WHAT TO PRODUCE: With the pictures removed, retype the lines from the one holding "saat Sidak ke" through the end of the records, exactly as written.

Scraped caption text data
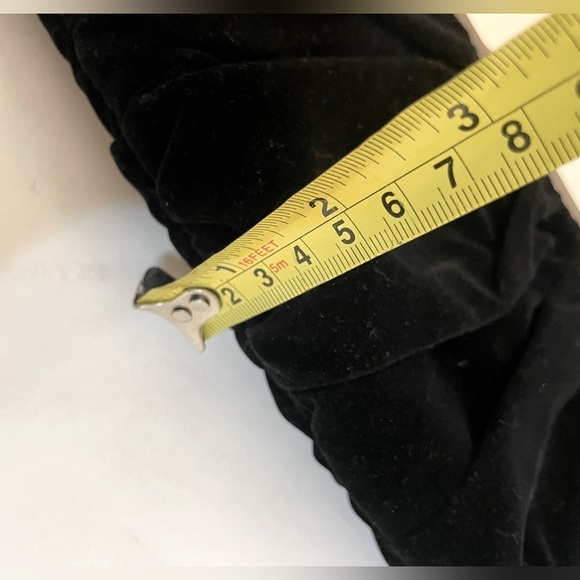 Vintage Holiday Black Velvet Clutch Purse - Picture 12 of 14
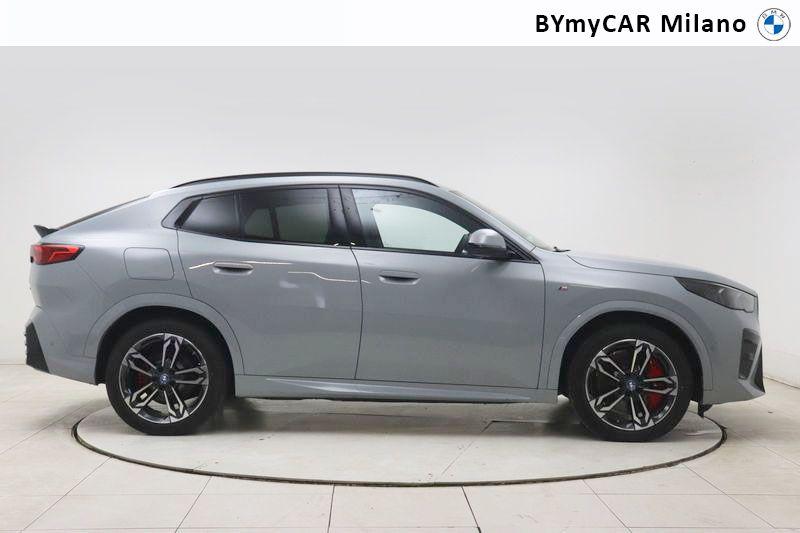BMW X2 iX2 edrive 20 MSport Pro https://cdn.bymycar.eu/it-bo/assets/images/vehicles/vo/5904/BMW-X2-U10-jpg-6.jpg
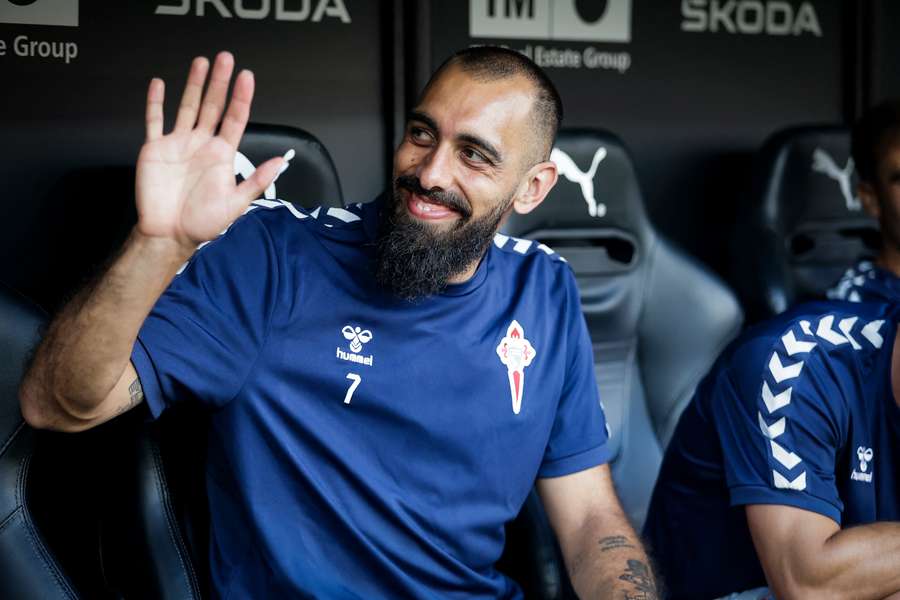 Borja Iglesias, en el banquillo del Valencia Borja Iglesias, en el banquillo del Valencia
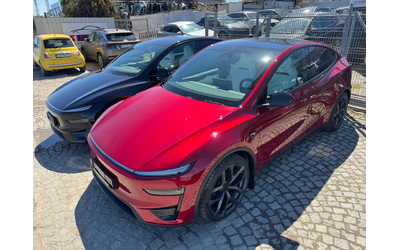 tesla-model-y - 0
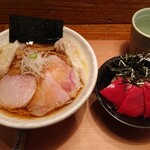 Homemade Ramen 麦苗 - 醤油1100円 追加ワンタン2個 実家の魚飯(本マグロ漬け飯)550円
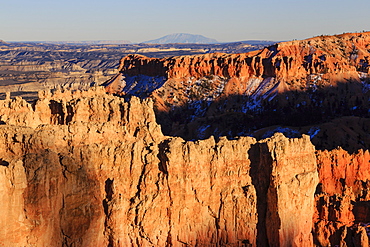 Rocks lit by winter late afternoon sun, from Rim Trail near Sunset Point, Bryce Canyon National Park, Utah, United States of America, North America
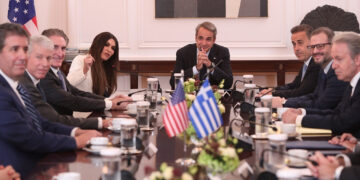 Πολυτεχνείο: ∆εν μένουμε στη νοσταλγία, πάλη για μια «τρικυμία καινούργια»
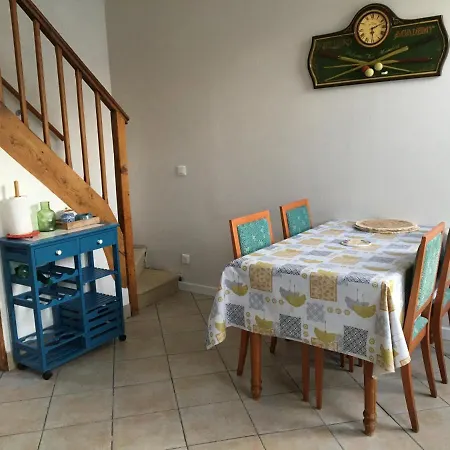 Agreable Maison De Ville, Pres Jardin Des Plantes Holiday home Le Petit-Quevilly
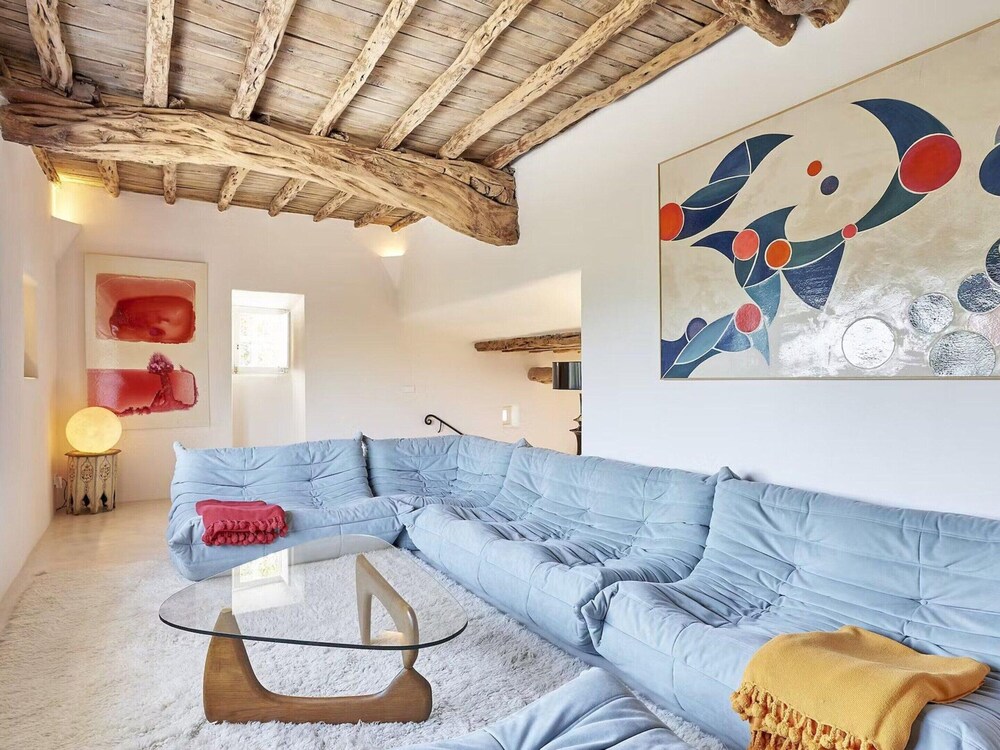 Idyllic Villa With Swimming Pool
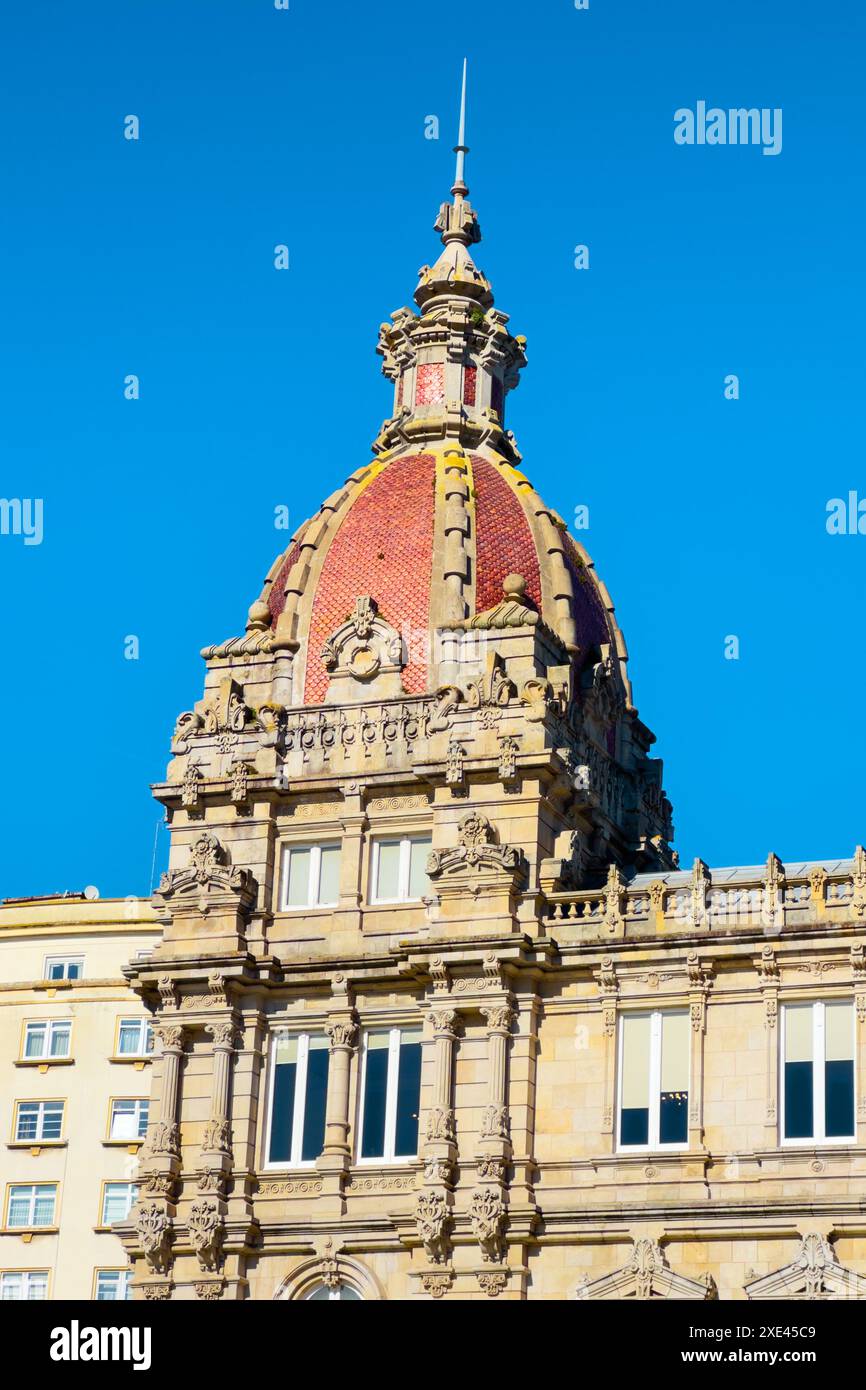 La Coruna Hôtel de ville sur la place Maria Pita, Galice Espagne. Banque D'Images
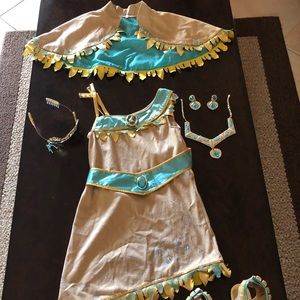 Disney Store Pocahontas Costume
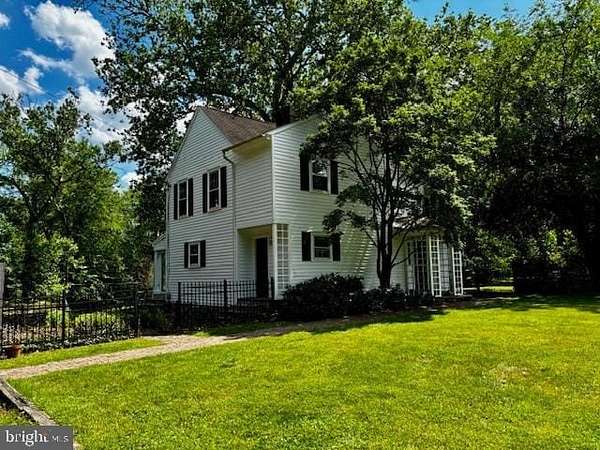 Residential Land with Home for Lease in Bensalem, Pennsylvania
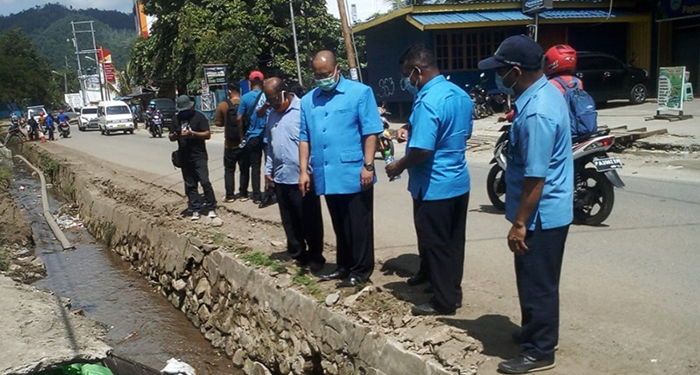 saat Sidak ke lapangan melihat pipa PDAM yang rusak parah, di jalan Kampwolker Waena     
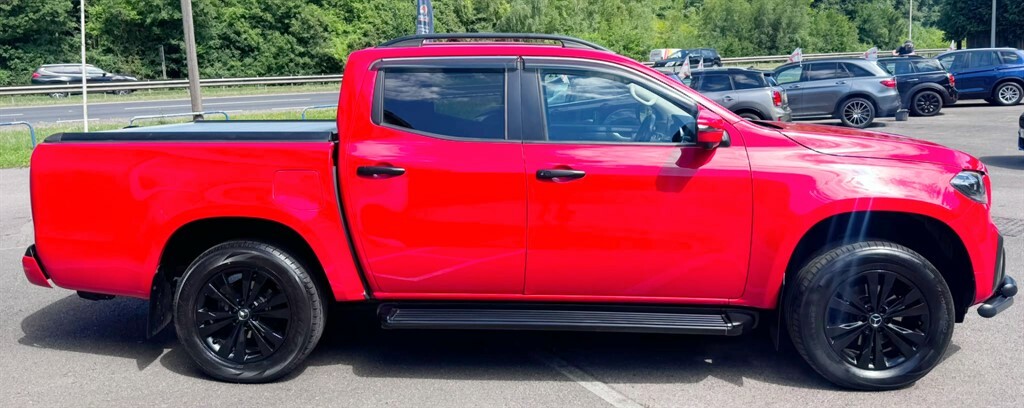 Mercedes-Benz X Class D 4Matic Progressive Red #6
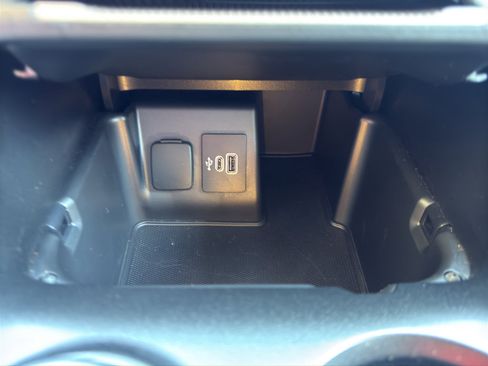 Used 2025 Ford Explorer Active w/ Active Comfort Package image 21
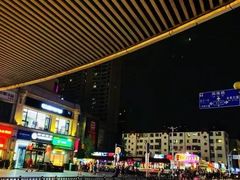 -曼哈顿商业广场(升龙广场店)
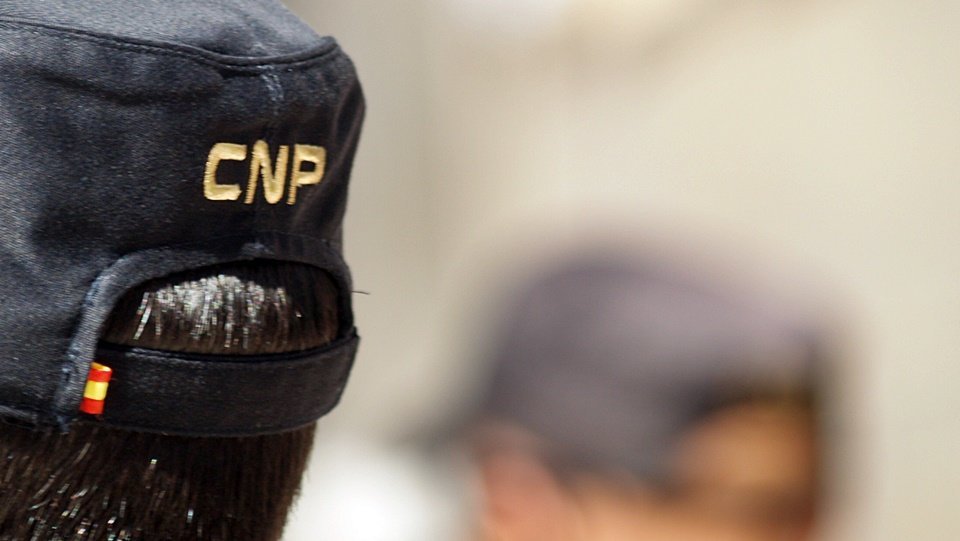 policía nacional gorra
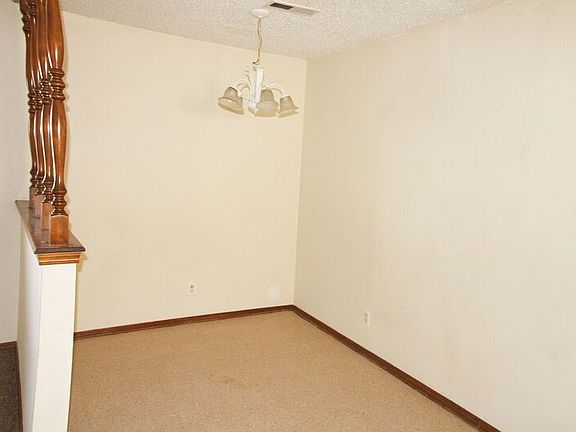 5th image of 1214 N Columbia Pl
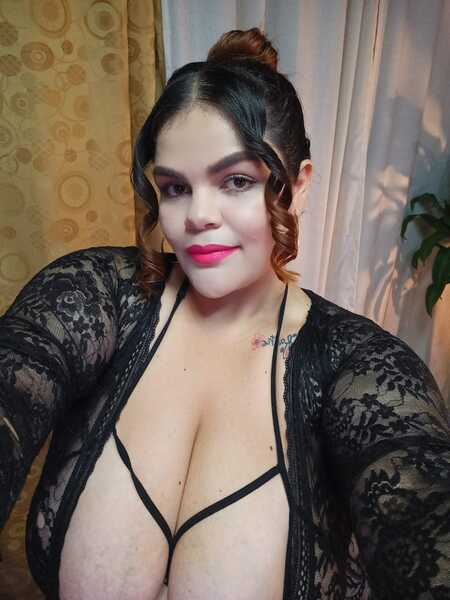 Live sex webcam photo for SaraThompsomm #6265093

SOLUTION FOR THIS EXERCISE:
 saat Sidak ke lapangan melihat pipa PDAM yang rusak parah, di jalan Kampwolker Waena     
 Mercedes-Benz X Class D 4Matic Progressive Red #6
 Used 2025 Ford Explorer Active w/ Active Comfort Package image 21
 -曼哈顿商业广场(升龙广场店)
 policía nacional gorra
 5th image of 1214 N Columbia Pl
 Live sex webcam photo for SaraThompsomm #6265093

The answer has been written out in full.